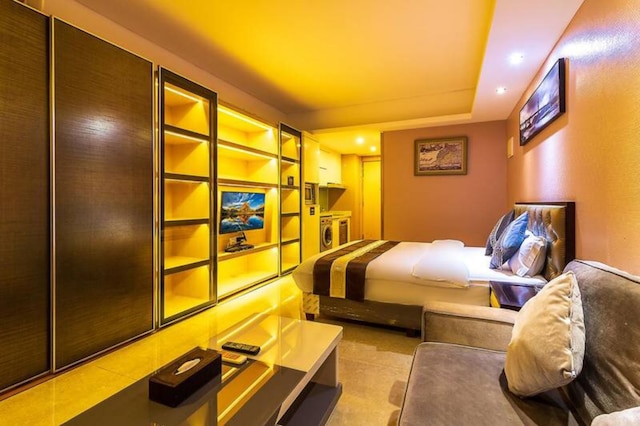 アトランティス インターナショナル ホリデイ アパートメント ホテル 琶洲広州タワー - (亜特蘭斯国際度假公寓酒店 - 琶洲広州塔店)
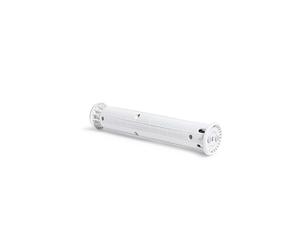 BLACKROLL Accesorio rodillo de masaje con vibración Booster 2.0 in able USB blanco
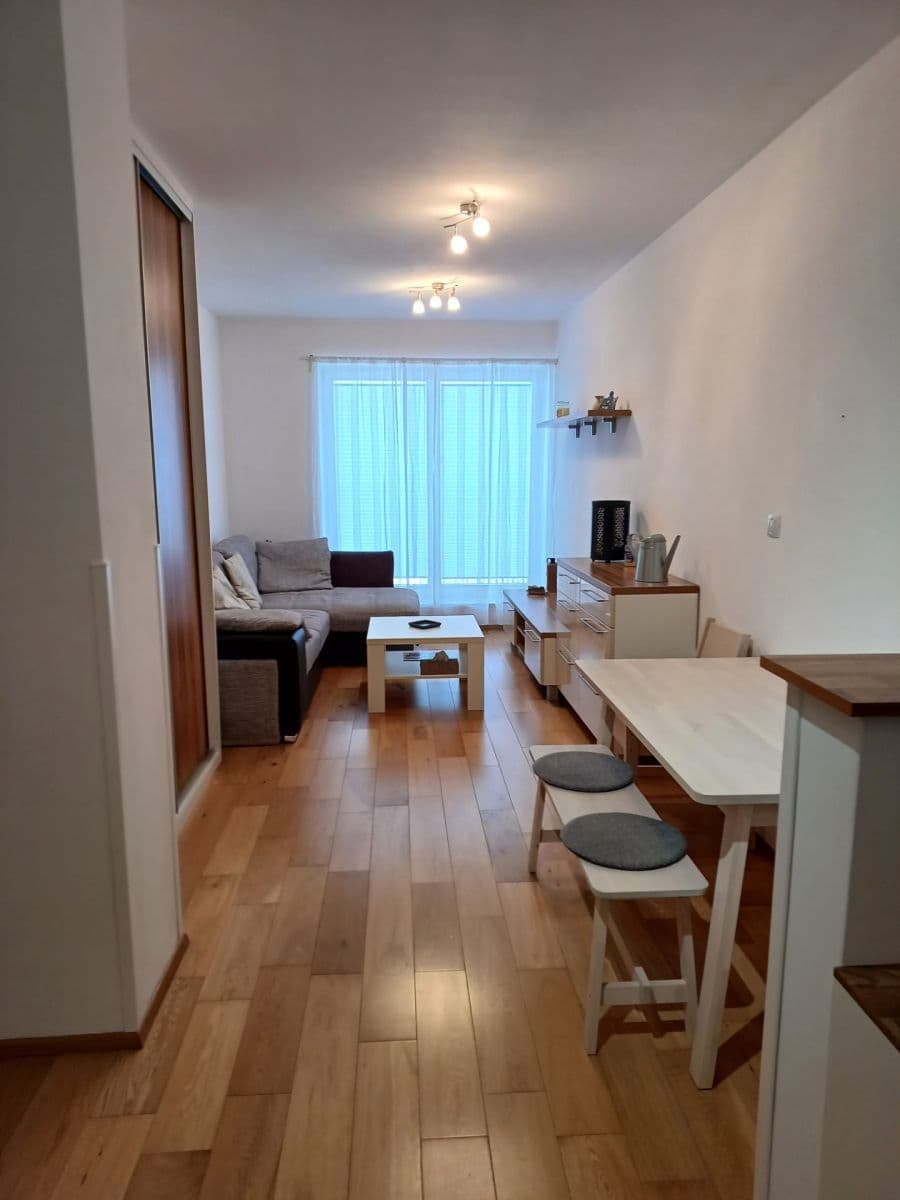 Prodej bytu 2+kk 44 m², U Sladovny, Praha, Praha Prodej bytu 2+kk 44 m², U Sladovny, Praha, Praha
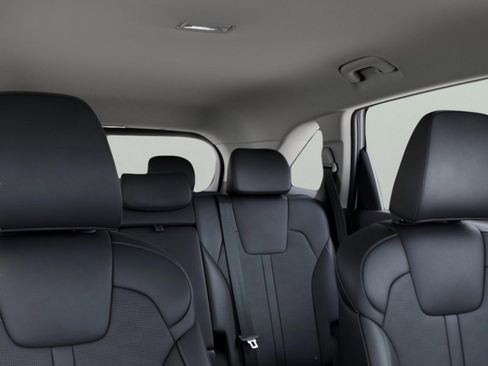 New 2026 Kia Sorento EX FWD image 27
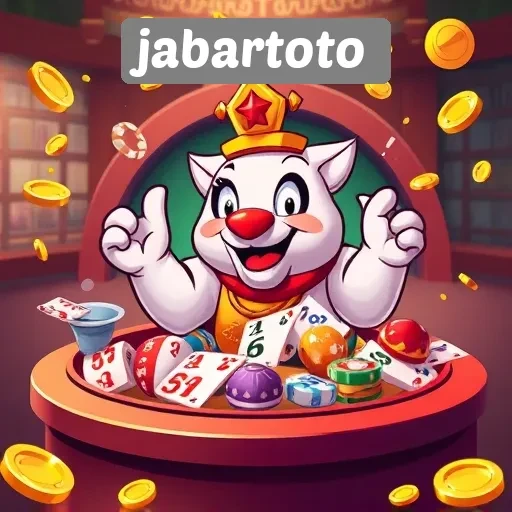 Menjelajahi Ragam Permainan yang Tersedia di Jabartoto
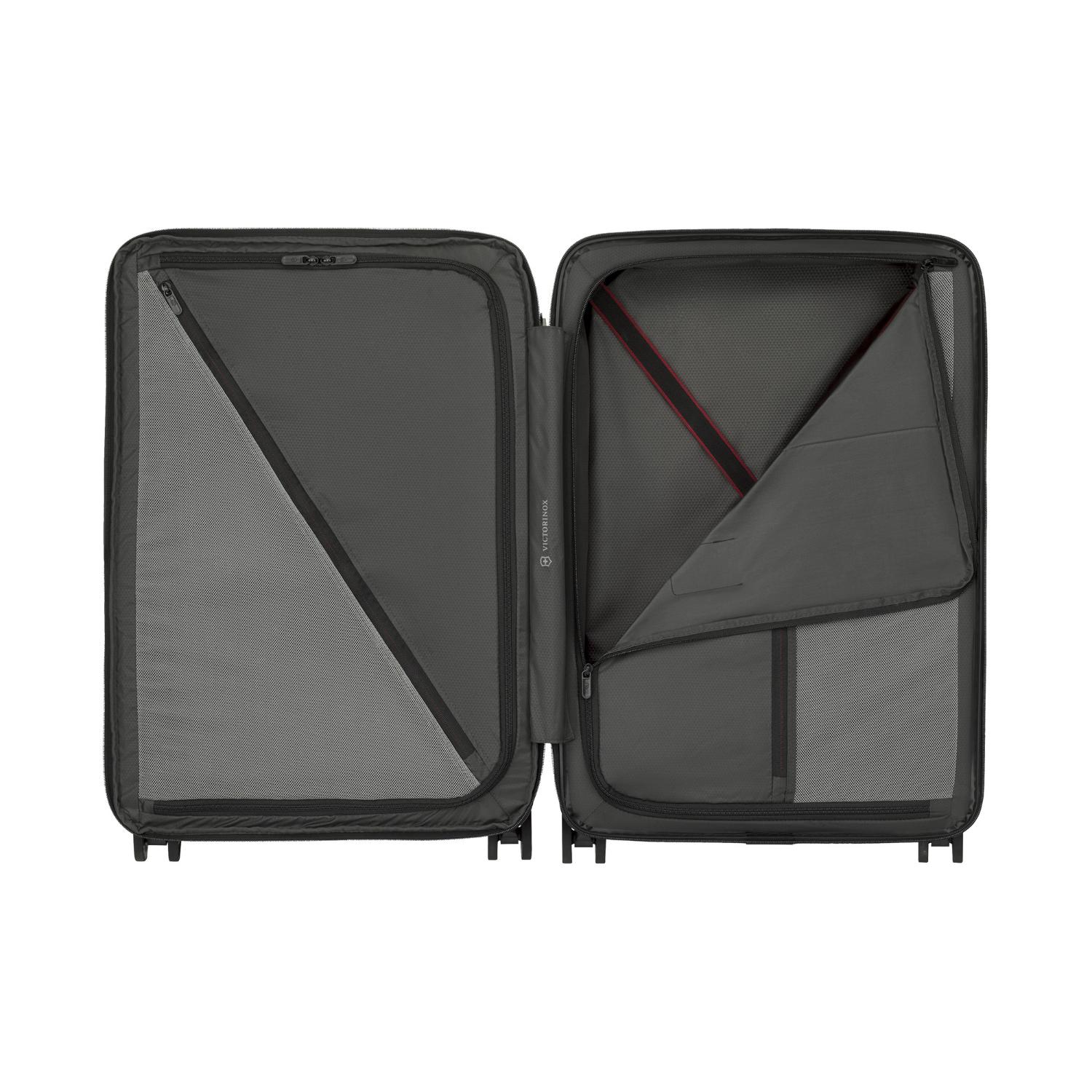 Victorinox Airox Advanced Global Expandable Hardcase Luggage Trolley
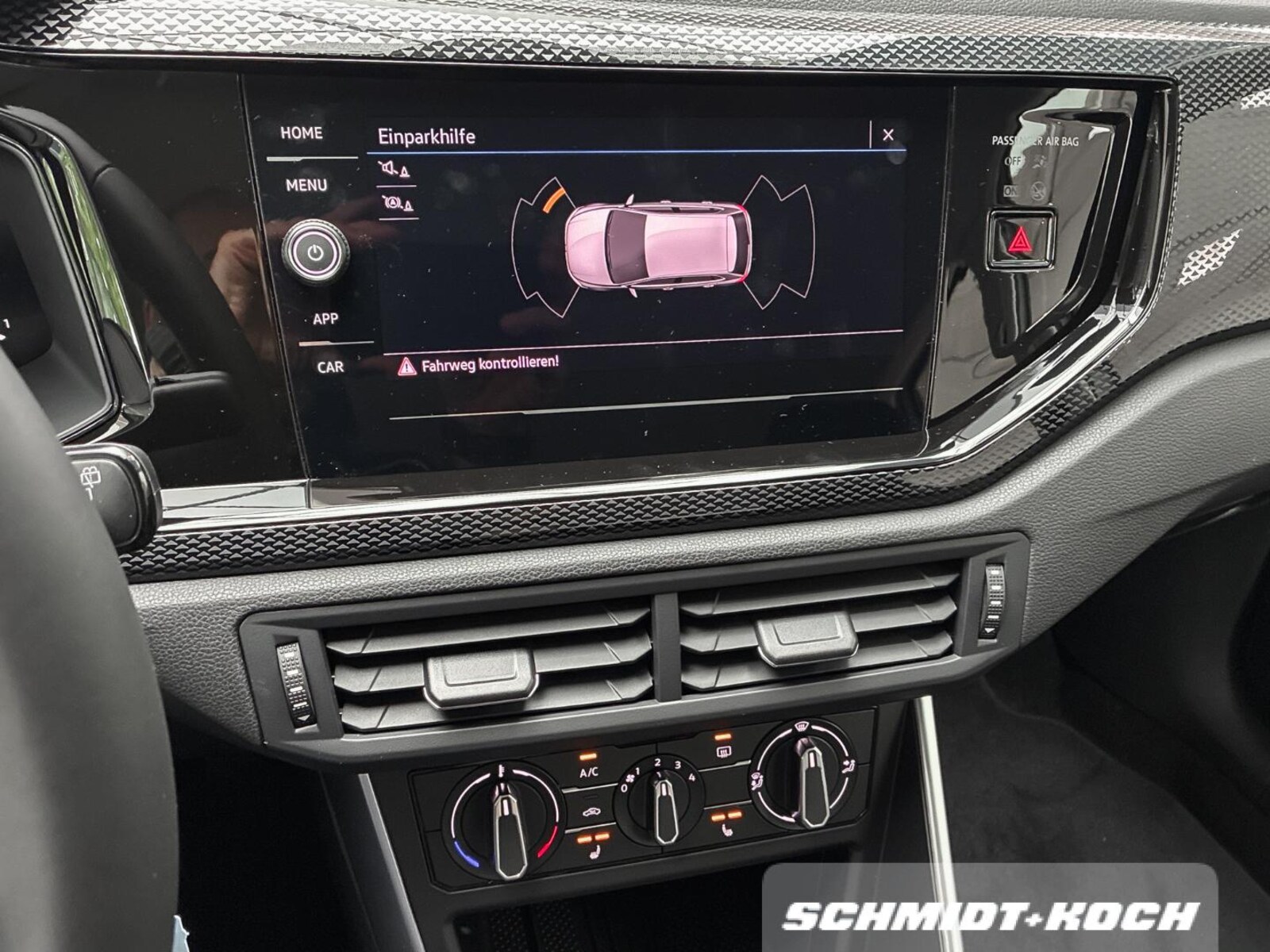 Volkswagen Polo – Bild 9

---+---

• [EXERCISE DESCRIPTION]
In the records above, take every line from the opening one through the line with "New 2026 Kia Sorento EX FWD image 27" and repeat it exactly; pictures are not part of the copy.

• [FINISHED EXERCISE]
 アトランティス インターナショナル ホリデイ アパートメント ホテル 琶洲広州タワー - (亜特蘭斯国際度假公寓酒店 - 琶洲広州塔店)
 BLACKROLL Accesorio rodillo de masaje con vibración Booster 2.0 in able USB blanco
 Prodej bytu 2+kk 44 m², U Sladovny, Praha, Praha Prodej bytu 2+kk 44 m², U Sladovny, Praha, Praha
 New 2026 Kia Sorento EX FWD image 27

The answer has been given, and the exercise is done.